- [WORK TASK]:
Retype the whole listing below, character for character.
----- GIVEN DATA
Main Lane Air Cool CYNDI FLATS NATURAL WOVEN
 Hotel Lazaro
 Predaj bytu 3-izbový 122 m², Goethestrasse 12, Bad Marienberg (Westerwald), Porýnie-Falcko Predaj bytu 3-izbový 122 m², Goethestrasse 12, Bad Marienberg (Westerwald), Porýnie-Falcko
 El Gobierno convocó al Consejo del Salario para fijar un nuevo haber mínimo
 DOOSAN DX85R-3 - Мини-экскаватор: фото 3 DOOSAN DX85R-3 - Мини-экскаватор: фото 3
----------
- [TASK RESPONSE]:
Main Lane Air Cool CYNDI FLATS NATURAL WOVEN
 Hotel Lazaro
 Predaj bytu 3-izbový 122 m², Goethestrasse 12, Bad Marienberg (Westerwald), Porýnie-Falcko Predaj bytu 3-izbový 122 m², Goethestrasse 12, Bad Marienberg (Westerwald), Porýnie-Falcko
 El Gobierno convocó al Consejo del Salario para fijar un nuevo haber mínimo
 DOOSAN DX85R-3 - Мини-экскаватор: фото 3 DOOSAN DX85R-3 - Мини-экскаватор: фото 3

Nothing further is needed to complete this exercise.